(Dataset records)
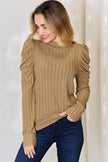 Basic Bae Full Size Ribbed Mock Neck Puff Sleeve Sweater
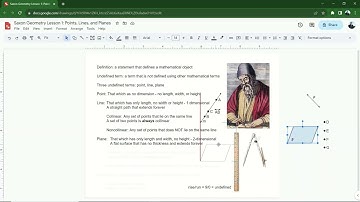Saxon Geometry Lesson 1 Video 2: Points, Lines, and Planes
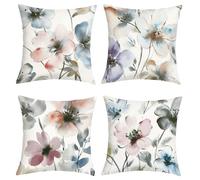Joymaison Watercolor Flower Cushion Covers 40 x 40 Pack of 4 Abstract Modern Floral Square Throw Pillow Case Decorative Sofa Cushion with Invisible Zipper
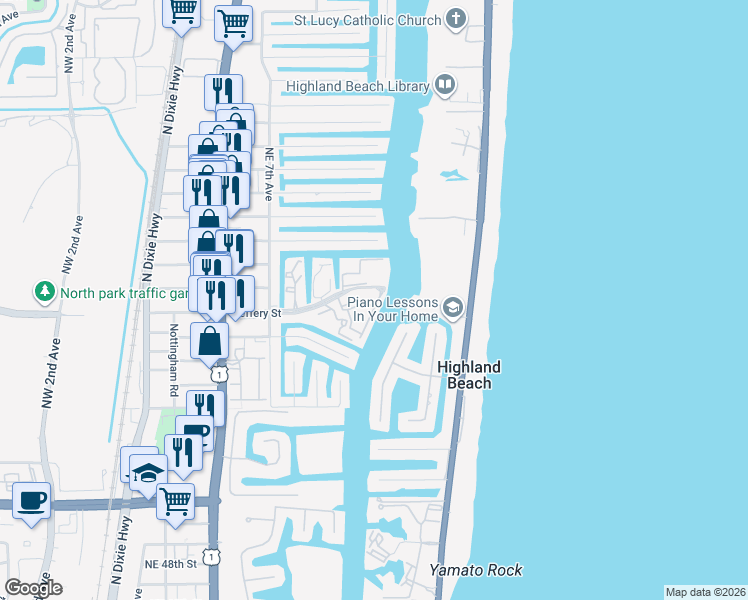 map of restaurants, bars, coffee shops, grocery stores, and more near 859 Jeffery Street in Boca Raton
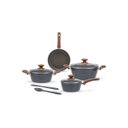 Ver imagem 1 de Jogo de Panelas Brinox Antiaderente Ceramic Life 6 Peças Marble Wood com Indução Cinza Escuro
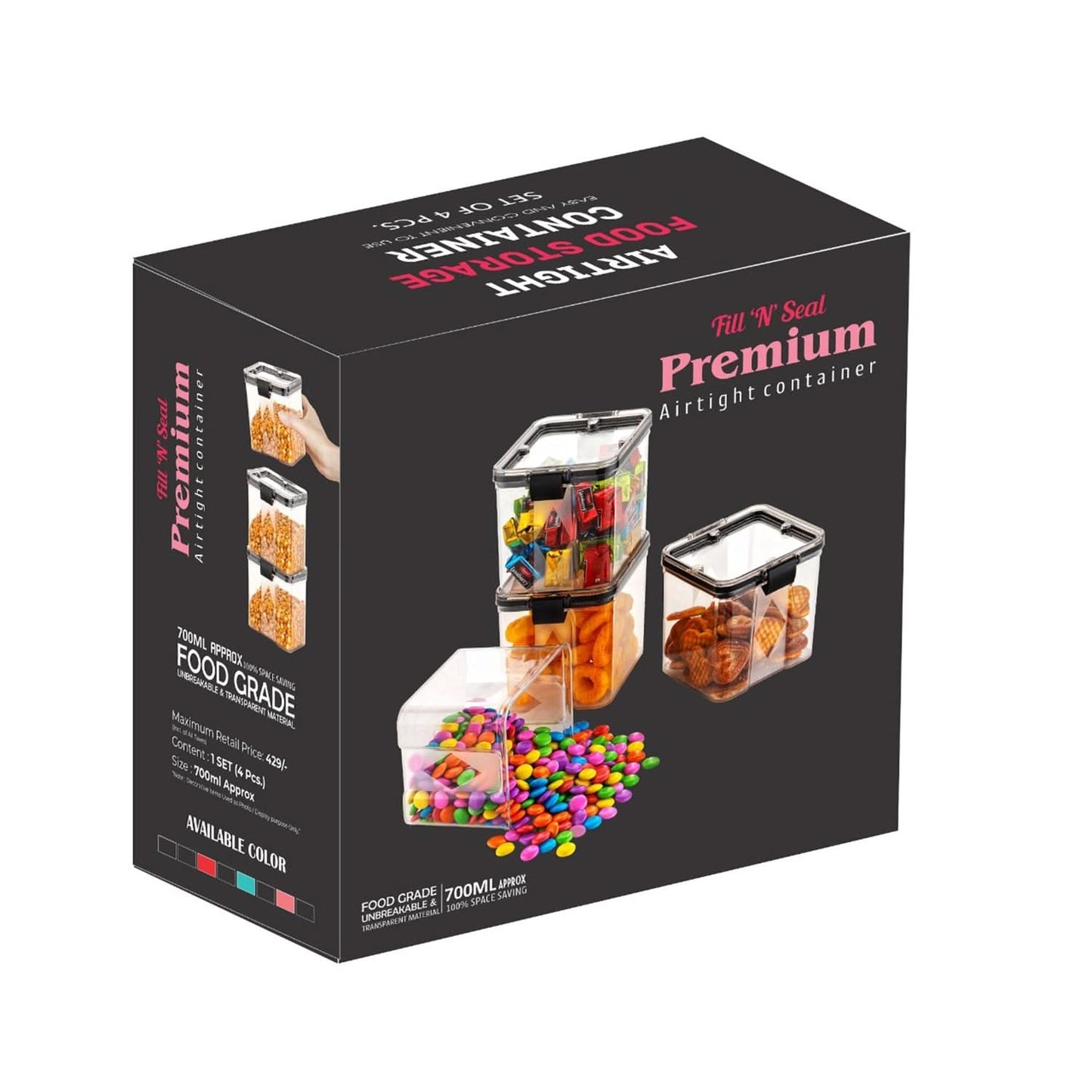 4Pc Square 700ml Food Storage Containers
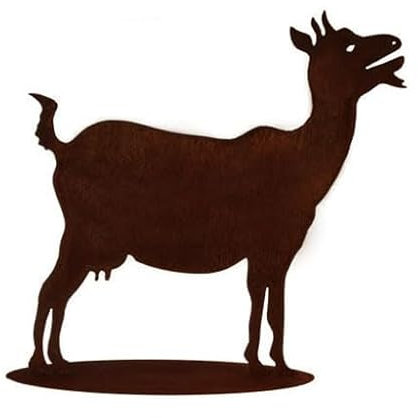 Steinfigurenwelt Gießen Gartenfigur Ziege 50x50cm auf Platte Edelrost Gartendeko Wetterfest Rost Metall Rostfigur Tier Bauernhof Ziegenbock Zicklein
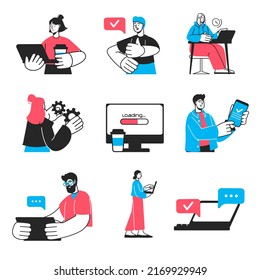 Workflow concept set in flat design. Man and woman work at laptop, perform tasks, optimize processes, communicate online, planning, developing. Vector illustration with pack of people scenes for web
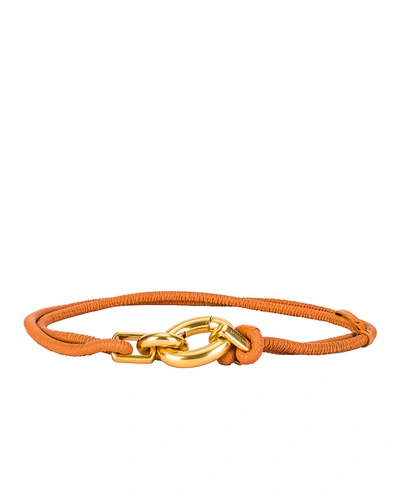 Shop Bottega Veneta Skinny Belt In Clay & Gold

### AIM OF THE EXERCISE
For this exercise, transcribe the data exactly but without its pictures.

### REPLY
 Basic Bae Full Size Ribbed Mock Neck Puff Sleeve Sweater
Saxon Geometry Lesson 1 Video 2: Points, Lines, and Planes
Joymaison Watercolor Flower Cushion Covers 40 x 40 Pack of 4 Abstract Modern Floral Square Throw Pillow Case Decorative Sofa Cushion with Invisible Zipper
 map of restaurants, bars, coffee shops, grocery stores, and more near 859 Jeffery Street in Boca Raton
 Ver imagem 1 de Jogo de Panelas Brinox Antiaderente Ceramic Life 6 Peças Marble Wood com Indução Cinza Escuro
 4Pc Square 700ml Food Storage Containers
 Steinfigurenwelt Gießen Gartenfigur Ziege 50x50cm auf Platte Edelrost Gartendeko Wetterfest Rost Metall Rostfigur Tier Bauernhof Ziegenbock Zicklein
 Workflow concept set in flat design. Man and woman work at laptop, perform tasks, optimize processes, communicate online, planning, developing. Vector illustration with pack of people scenes for web
 Shop Bottega Veneta Skinny Belt In Clay & Gold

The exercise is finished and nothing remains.